BUCK
Tsunami's Truth And Justiz RN CGC VAX
Breeder/Owner: Rita Roberts
Co-Breeder: Sandi Soto
We were already on a Search and Rescue team working primarily the Virginia Peninsula. We didn't respond to 9/11, but our training officer put us on standby. There was nothing for trailing dogs to do then, but we knew our cadaver dogs might be needed later, even years later. As it was, that's the atmosphere that Buck entered the world, destined to be a show dog. Only one of his testicles didn't descend. Waiting on that we found he had an uncanny ability and tenacity and he began search training after 12 weeks of age.
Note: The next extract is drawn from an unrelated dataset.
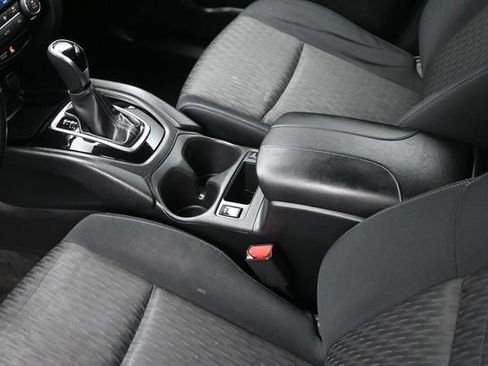 Used 2018 Nissan Rogue SV FWD image 18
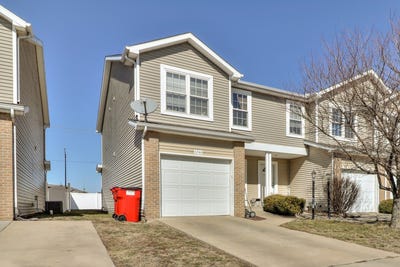 /international/us/3738-3744-summer-sage-court-champaign-il-110109135941/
No one believed an Akita could do the job, primarily because of perceived dog aggression. Buck, who grew up with a bunch of old show dogs, fosters going in and out, and bloodhounds never showed an ounce of dog aggression, but he hated wheels. Once we overcame that, he never looked back. At 11 months of age he completed a grueling week of training in West Virginia with labs, border collies and bloodhounds. He was ridiculed and laughed at, at first. People didn't laugh after he consistently took the hardest trails and found his person. We didn't have anything to lose. He had to overcome trailing through heat, around critter holes, over a wooden suspension bridge and up steep inclines and down. Some trails were a mile in length. At the end he completed his CGC. He was certified by our team-training officer, but not before she ran a bitch in season over his trail. These are normal things a working dog might encounter and so everything was thrown at them for proofing. Satisfied, he was ready to work.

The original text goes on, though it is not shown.